A few days after Maddie died, we asked the police officers that were helping us if they could connect us with the first responders –– those brave men and women that were at our house in what seemed like seconds when we found our daughter not breathing and called 911. The first responders came over to my parent’s house, where we were staying, and brought us a meal and a care package. We hugged each of them and cried together. It was so amazing to be connected to these individuals who did all they could do –– who cared for our baby in those moments as if she were their own. One of the first responders let us know that he, also, had lost a child shortly after birth. He gifted us a Molly Bear and let us know about the NILMDTS Remembrance Walk. He shared his story with us and. I remember feeling even just the tiniest bit less alone, even in those first few days –– not at all glad that another parent had experienced this type of devastating loss, but that I had at least one person that understood. A few months later, we found ourselves organizing Team #MaddieStrong for the Colorado Remembrance Walk, and so thankful to be connected to such a wonderful organization that helps so many.

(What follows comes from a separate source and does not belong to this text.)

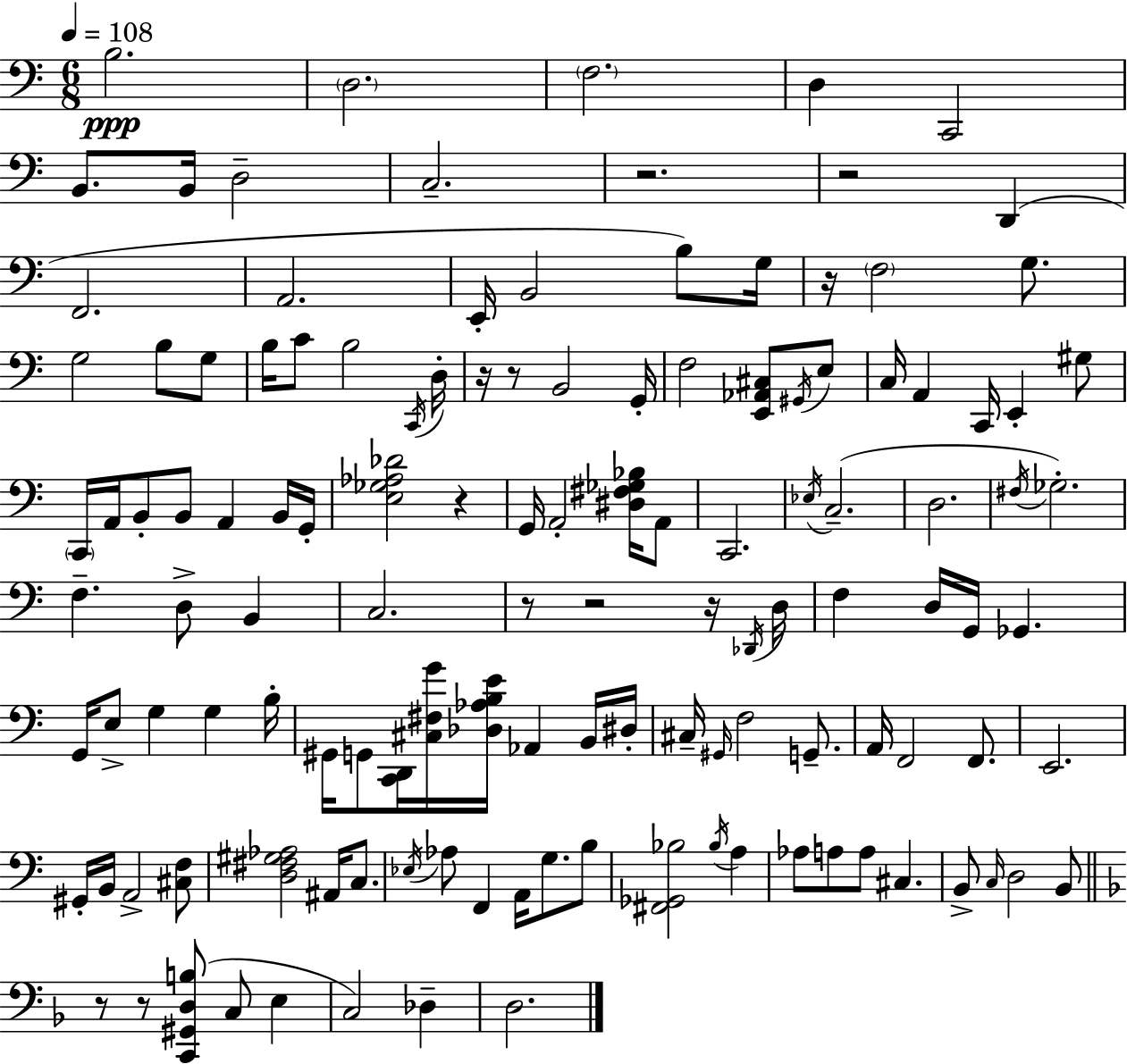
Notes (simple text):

B3/h. D3/h. F3/h. D3/q C2/h B2/e. B2/s D3/h C3/h. R/h. R/h D2/q F2/h. A2/h. E2/s B2/h B3/e G3/s R/s F3/h G3/e. G3/h B3/e G3/e B3/s C4/e B3/h C2/s D3/s R/s R/e B2/h G2/s F3/h [E2,Ab2,C#3]/e G#2/s E3/e C3/s A2/q C2/s E2/q G#3/e C2/s A2/s B2/e B2/e A2/q B2/s G2/s [E3,Gb3,Ab3,Db4]/h R/q G2/s A2/h [D#3,F#3,Gb3,Bb3]/s A2/e C2/h. Eb3/s C3/h. D3/h. F#3/s Gb3/h. F3/q. D3/e B2/q C3/h. R/e R/h R/s Db2/s D3/s F3/q D3/s G2/s Gb2/q. G2/s E3/e G3/q G3/q B3/s G#2/s G2/e [C2,D2]/s [C#3,F#3,G4]/s [Db3,Ab3,B3,E4]/s Ab2/q B2/s D#3/s C#3/s G#2/s F3/h G2/e. A2/s F2/h F2/e. E2/h. G#2/s B2/s A2/h [C#3,F3]/e [D3,F#3,G#3,Ab3]/h A#2/s C3/e. Eb3/s Ab3/e F2/q A2/s G3/e. B3/e [F#2,Gb2,Bb3]/h Bb3/s A3/q Ab3/e A3/e A3/e C#3/q. B2/e C3/s D3/h B2/e R/e R/e [C2,G#2,D3,B3]/e C3/e E3/q C3/h Db3/q D3/h.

Photographs courtesy of McDaniel family
I recently found a quote that said,
At Maddie’s celebration of life, I told our friends and family to continue to say her name. To not be afraid to talk about her or ask us open and honest questions about her life and death. Talking about her keeps her spirit alive for us, and keeping her spirit alive is my job, as Maddie’s mom.
I have to move forward with life, and be the best wife and mom I can be — because my boys still need me. I have to be present in my moments of grief, and I have to experience this loss rather than avoid it. I have to live, and be strong and courageous for Maddie, even when I don’t feel like it. I have to protect her memory, because she mattered so much — and I feel a burning necessity deep in my soul to do so.